Data under study.
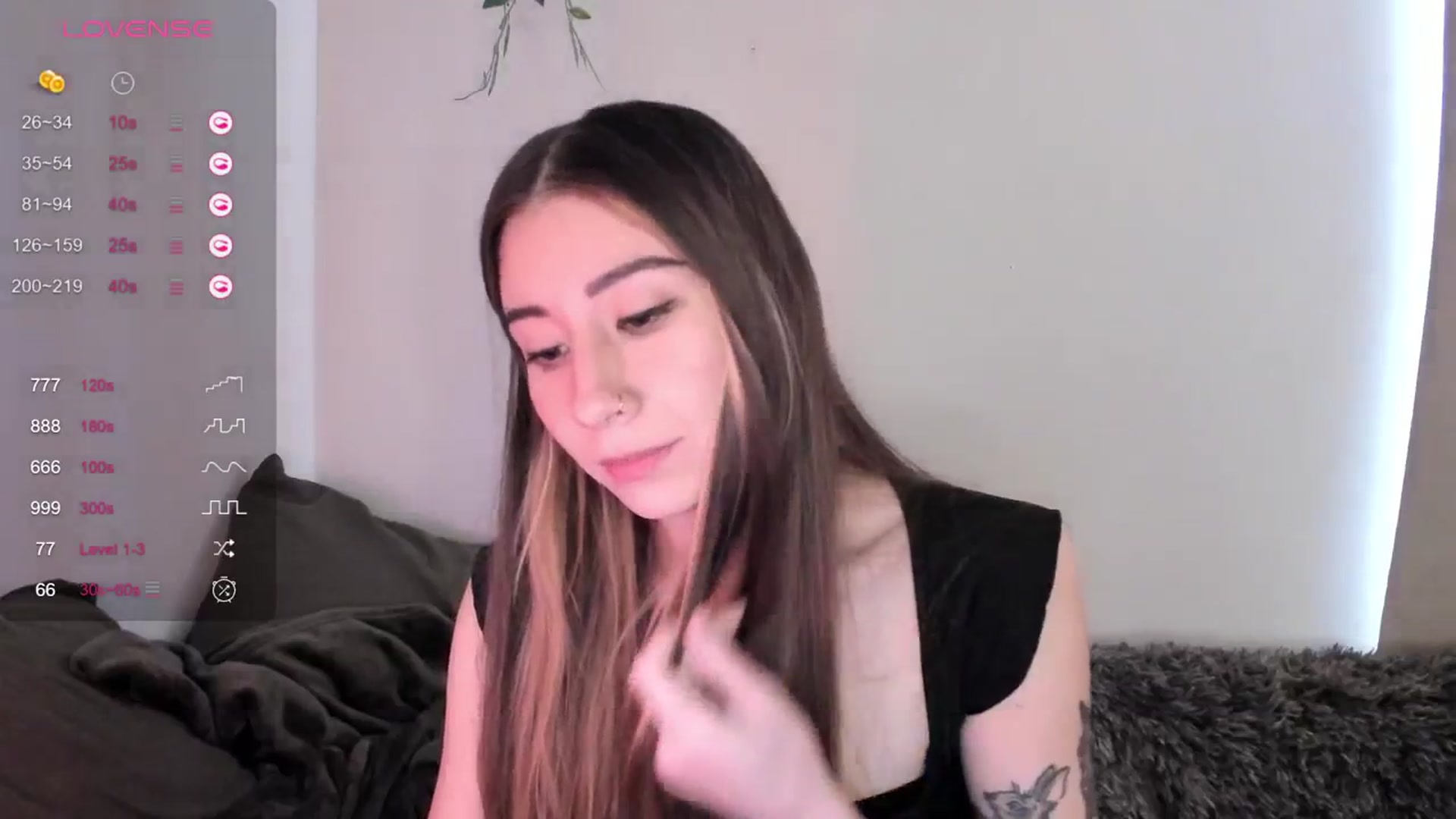 Gallery image thumbnail from killerloryy's myfreecams stream on, 03/21/2024, 18:37 image 8 of 20
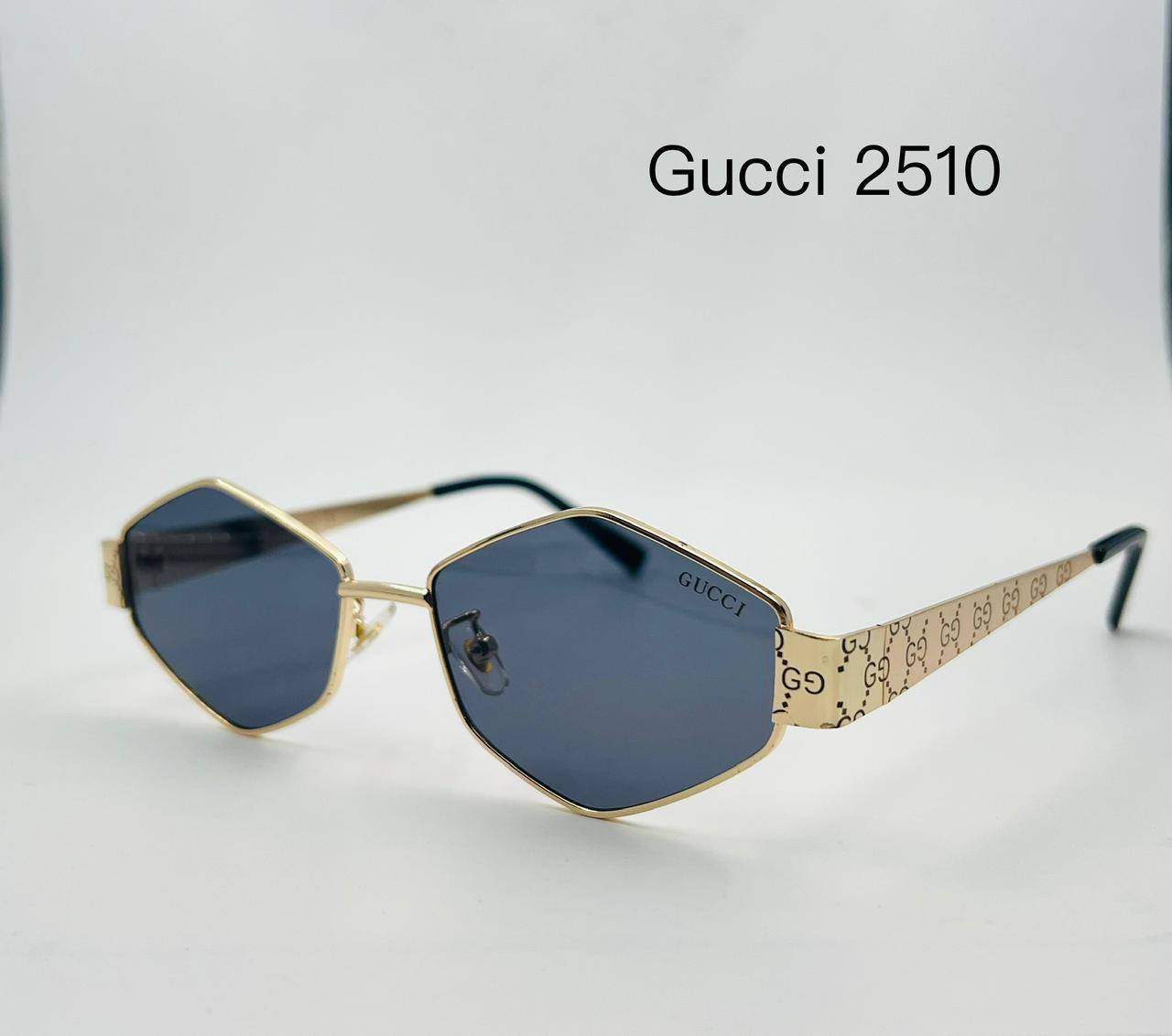 Gucci 💥*
Sunglasses 🕶️ 
good quality 💯
With master box 🗃️ 
50 dhs✅

Zain273
♥️♥️♥️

Problem to solve.
Give back every record above word for word; the pictures have no place in it.

Output of the task.
 Gallery image thumbnail from killerloryy's myfreecams stream on, 03/21/2024, 18:37 image 8 of 20
 Gucci 💥*
Sunglasses 🕶️ 
good quality 💯
With master box 🗃️ 
50 dhs✅

Zain273
♥️♥️♥️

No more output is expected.